Feeling confident, I got up and sat down in front of the piano. I'd seen people do this at another place in Budapest, so I thought I could do it here. No one seemed to mind, in fact, quite a few people even gave me what I'm sure was an encouraging smile.
My fingers were shaking, though, so I decided to play something easy and slow. The first four or five bars of the Moonlight Sonata were somewhat hesitant, but then I played passably well.
I hadn't even seen this guy while I was playing, but now he was difficult not to notice. He'd been standing right behind me, but as I finished, he went and grabbed a chair, and sat next to where I was. Uh ho. To my surprise, he asked something in a friendly voice, but I didn't quite get it. I had lost hope trying to learn Hungarian anyway.
Then he asked me whether Beszelt Magyarul?, to which I replied with a flat no. Do you speak English?, he went on, and we started talking about Beethoven.
The fellow was a tall, lean man in his mid-thirties. Apparently he was from Transylvania, that part of Rumania where about two million Hungarians live. Transylvania was savagely cut off Hungary and became part of Rumania after the treaty of Triannon, as you will be reminded by Hungarians just about every day if you ever decide to go spend some time in Magyaroszag (as they call their country).
I don't blame them, though, and to tell the truth, Transylvania would probably be better off being part of Hungary than of Rumania. My interlocutor of course reminded me of this. He also told me that he was supposed to play the piano here, and that he'd be playing the next day in another café, where there'd be this party.
"You should come, it vill be really gleat," he told me.
Sure, I'll come, no problem," I replied, and we went on talking about piano. This guy was a fan of Keith Jarrett. He even played the first few bars of the Köln concert, and well, too. Much better than I could ever have, anyhow.

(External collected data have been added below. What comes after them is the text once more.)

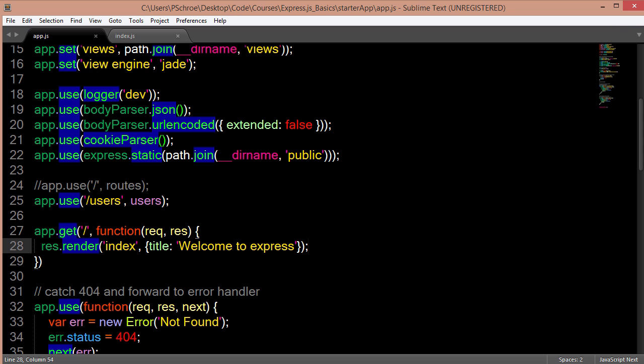In this instance, we're using app.get. But all of the restful verbs apply and are available to us. So we could use get, put, post, and delete verbs as well.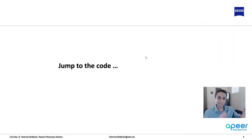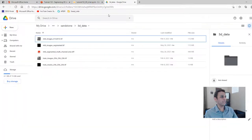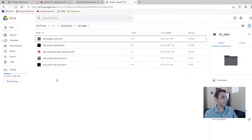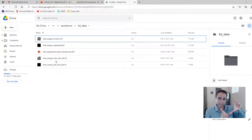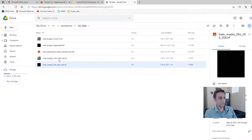Let's jump into the code. The data is organized as a single tiff stack of 256×256×256 for training images and another of the same size for training masks. There's also a larger test image stack of 448 images each 512×512 that we'll use later. The training images are 256 slices in Z and 256×256 in X and Y, and the masks match exactly.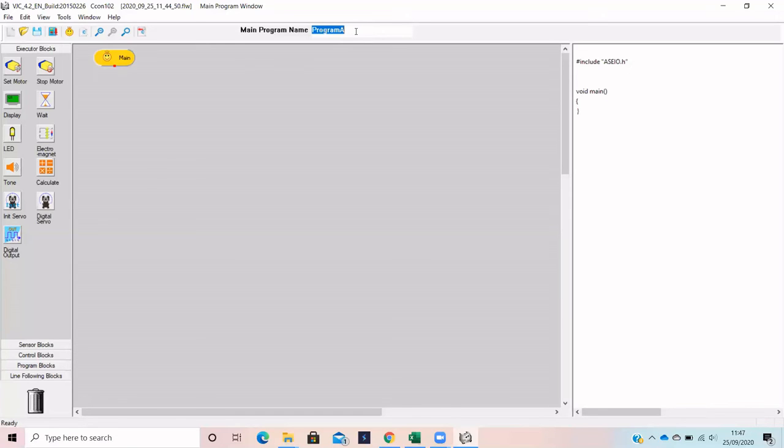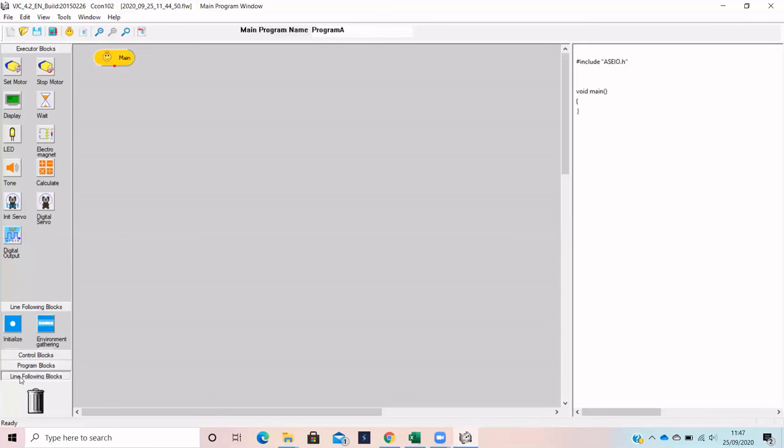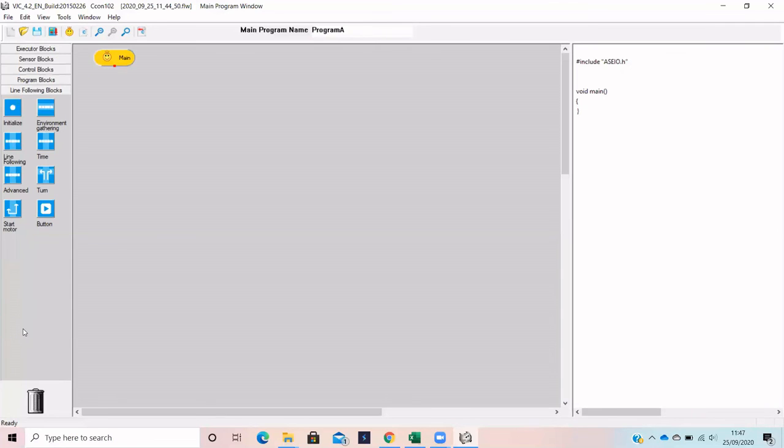The coding blocks are found on the left hand side and are categorized depending on their function. Line following blocks will be the most used. These blocks allow the robot to move and trace any lines.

But he didn't play long, and we kept on talking. He reminded me again of his party, then again, and then again. By that time I was giving more evasive replies, and the guy started to sound vaguely suspicious. He was certainly behaving strangely. But we kept on talking, and he kept on telling me about this party where I absolutely HAD to show up, until I finally asked him, "Hey, what's going to be so great about that party?"
Without hesitation, he replied, "I vill play piano, there vill be a lot of nice guys and vhen the party finish, ve have sex together."

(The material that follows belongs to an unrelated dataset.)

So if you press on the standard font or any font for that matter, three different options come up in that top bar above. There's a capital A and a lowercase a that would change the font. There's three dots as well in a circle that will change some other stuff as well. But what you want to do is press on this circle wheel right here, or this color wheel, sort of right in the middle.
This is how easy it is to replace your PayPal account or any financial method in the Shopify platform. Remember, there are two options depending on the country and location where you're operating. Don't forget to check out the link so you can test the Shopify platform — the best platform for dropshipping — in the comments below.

My jaw dropped and I was silent for a few seconds. The bluntness of the offer astonished me. I finally managed to stammer, "But I… I, I did not come here to have sex!", which, I must admit, must have sounded rather lame.
The guy finally sensed that I wasn't the type of guy he was looking for, and told me he had to start playing. He also told me I could wait for him if I wanted an explanation, but he knew very well that I wouldn't linger in the bar too long. And I didn't.
Gay sex is all fine and dandy, but it's not really my cup of tea. Well, I don't think it is, I've never tried. But since I'm a pretty close-minded individual, I'm not too eager to.
Anyway, something was definitely wrong with me. There are so many sexy Hungarian girls, why couldn't I find one to date? My students weren't even remotely interested in me – only in my drunken theories on Othello and Jane Austen. And why the hell were the men interested in pressing their sharp hipbones against my muscular buttocks? Was this a sort of omen, a vision of my future career as a transvestite?
I shuddered as I walked out of the café, and headed for the nearest disco, somewhat desperate for some action, which of course I didn't get.